A simple example of wasted capacity
For the sake of example, let’s say that we need to design an application that can support up to 100,000 concurrent user sessions within some given response time SLA. The app domain is such that we can partition the user population and employ a horizontally-scalable, sharded design. When there are problems, we want to try to limit the impact to at most 10% of the users. So we decide to go with ten pools that can handle 10,000 concurrent user sessions each. Each pool will have some number of application servers and some number of database servers.
We don’t know the number of app and database servers required, but we guess that we’re going to need twice as many app servers as database servers. So we try stress testing various pools with that server ratio. Our stress testing reveals that a 6:3 pool can’t handle the necessary load but an 8:4 pool can. It’s important to us to have fault tolerance, so we decide to add one app node and one database node to the pool. That gives us a 9:5 pool ratio, for a total of 90 app servers and 50 database servers, or 140 servers in all as seen in figure 1:
So what do you think?
Improving the utilization of server capacity
It may seem like we did a good job with this. After all, we defined our load requirements, defined a goal around limiting the impact of outages, created a horizontally scalable design to support the requirements, and then performed stress testing to ensure that our individual pools can handle the required load. So our system ought to be able to meet the stated requirements. But could we have done better?

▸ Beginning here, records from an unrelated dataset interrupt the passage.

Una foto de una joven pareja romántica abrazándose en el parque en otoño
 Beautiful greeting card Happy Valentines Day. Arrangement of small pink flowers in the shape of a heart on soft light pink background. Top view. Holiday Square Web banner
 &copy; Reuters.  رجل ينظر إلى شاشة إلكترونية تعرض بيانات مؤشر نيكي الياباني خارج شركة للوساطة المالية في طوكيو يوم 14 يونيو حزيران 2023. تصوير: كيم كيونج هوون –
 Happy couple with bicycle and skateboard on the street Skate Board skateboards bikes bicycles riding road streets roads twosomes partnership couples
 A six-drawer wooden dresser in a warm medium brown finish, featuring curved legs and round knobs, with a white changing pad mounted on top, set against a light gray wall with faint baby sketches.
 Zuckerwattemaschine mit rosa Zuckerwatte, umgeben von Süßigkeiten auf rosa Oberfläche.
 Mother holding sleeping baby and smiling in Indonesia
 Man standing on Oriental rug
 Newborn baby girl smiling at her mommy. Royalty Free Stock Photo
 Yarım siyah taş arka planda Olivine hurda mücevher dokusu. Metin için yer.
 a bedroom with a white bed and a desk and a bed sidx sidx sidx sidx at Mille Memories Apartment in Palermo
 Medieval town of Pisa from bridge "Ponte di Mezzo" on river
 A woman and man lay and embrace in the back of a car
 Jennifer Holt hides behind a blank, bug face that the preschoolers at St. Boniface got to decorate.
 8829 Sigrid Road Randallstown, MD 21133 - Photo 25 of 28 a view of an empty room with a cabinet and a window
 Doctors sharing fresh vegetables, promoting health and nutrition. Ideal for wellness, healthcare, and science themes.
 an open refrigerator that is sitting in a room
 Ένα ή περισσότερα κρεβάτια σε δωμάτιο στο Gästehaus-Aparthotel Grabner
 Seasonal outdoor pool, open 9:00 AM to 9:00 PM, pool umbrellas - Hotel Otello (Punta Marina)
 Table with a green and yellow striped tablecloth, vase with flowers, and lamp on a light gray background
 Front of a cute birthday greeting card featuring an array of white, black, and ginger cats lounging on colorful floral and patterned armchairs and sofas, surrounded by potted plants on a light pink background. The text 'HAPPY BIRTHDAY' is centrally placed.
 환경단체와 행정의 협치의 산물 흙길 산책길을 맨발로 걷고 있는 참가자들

You may have noticed that in our stress testing of individual pools, we began with an assumption that we’d need twice as many app servers as database servers, but we never actually tested that assumption. Let’s say that we repeat our stress testing and discover that even though a 8:4 ratio handles the load, stress-induced failure lies squarely with the database side of the pool. When the pool “fails” (e.g., stops meeting whatever response time SLA we defined),database server CPU is at 90-95% and app server CPU is humming along at 45%. Through further stress testing we discover that we can reduce the ratio to 5:4 while still meeting the overall requirement to service 10,000 concurrent user sessions within the SLA. We still want to be fault-tolerant, so we revise our pool ratio to 6:5, giving us 60 app servers and 50 database servers, or 110 servers total. That’s a savings of 30 servers over our previous configuration,or 21.4%, and we get it without having to give anything up. Not bad, except for our hardware vendor!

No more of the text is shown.